As has been true pretty much since the 16th century, the phrase “Mennonite life” can conjure almost anything. However, in 2022-23, much of the rest of the world has been seeing “Mennonite life” in Women Talking, the film by Sarah Polley and the novel of the same title by Miriam Toews from which the film came. This issue of Mennonite Life includes a review/reflection on the film and book by Hannah Neufeld, who spent five years with her family among the Low German-speaking colony Mennonites in Bolivia, during the time when the rapes and sexual violence around which novel and movie are built took place.
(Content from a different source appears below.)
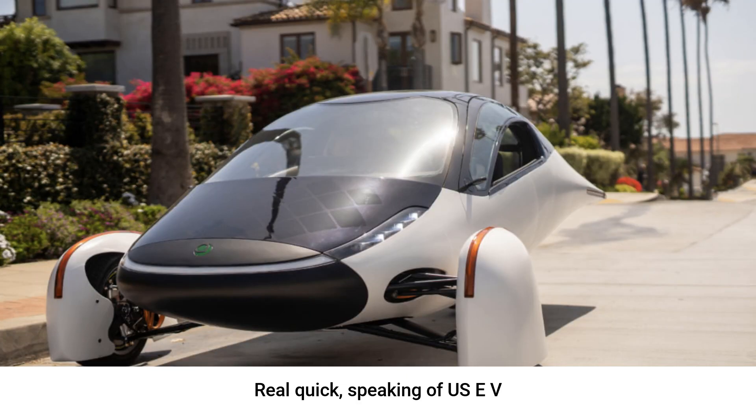Speaking of US EV companies, have you heard about Aptera? They are the most unique EV company I've ever seen, and they are hoping to start production within a year. If you want to support the channel and you're interested in this unique three-wheeled EV that can get over 1,000 miles of range, head to thebeardedevguy.com/Aptera — that is spelled A-P-T-E-R-A. You get $30 off your $100 reservation fee, and I get a chance to win a free Aptera.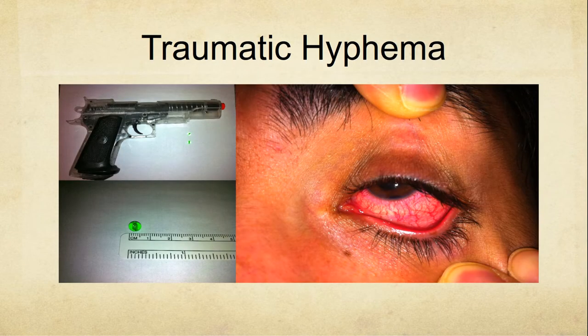This is a patient I actually saw in ophthalmology clinic where he got shot in the eye by one of his buddies with an air gun. He's just got a small little hyphema just right in there. I thought it was cool.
In addition, a book review by Willmar Harder (spouse of Hannah and therefore with somewhat similar experience in Bolivia) and a set of prose poems by Abigail Carl-Klassen look directly and indirectly at life among colony Mennonites in south Texas and northern Mexico.

Carl-Klassen’s contribution to this issue, along with a poem by Cheryl Denise, an essay by Johnny Wideman and a sermon by Sheri Hostetler, resulted from Mennonite/s Writing IX, a conference held at Goshen (Ind.) College Sept. 29-Oct. 2, 2022.

Other articles and reviews also look at history surrounding Mennonites associated with “Low German culture,” including a senior seminar paper by 2022 Bethel College graduate Nathan Garber on the historic effect of Alexanderwohl Mennonites on the surrounding Goessel/Marion County, Kan., community, and reviews of The White Mosque, Sofia Samatar’s memoir of following, in 2016, the path of the 1880s Great Trek in Central Asia, and Menno Moto, Cameron Dueck’s travelogue about riding his motorcycle from southern Manitoba through Mennonite communities deep into Latin America, including those in northern Mexico and Bolivia.

Other reviews cover a memoir of coming out (in all ways) of a conservative upbringing; a history of anti-militarism efforts in U.S. public education; a graphic novel set in a present-day Mennonite community in southern Manitoba; a teenager’s escape from World War II Ukraine and Europe to North America; and two considerations of Mennonite identity, one, by Rob Zacharias, reflected through the lens of “Mennonite writing,” and the other comprising a collection of essays on various aspects of culture.

Finally, this issue includes the text of Brad S. Gregory’s Menno Simons Lectures on “The Radical Reformation and the Makings of the Modern World,” given at Bethel College in October 2022.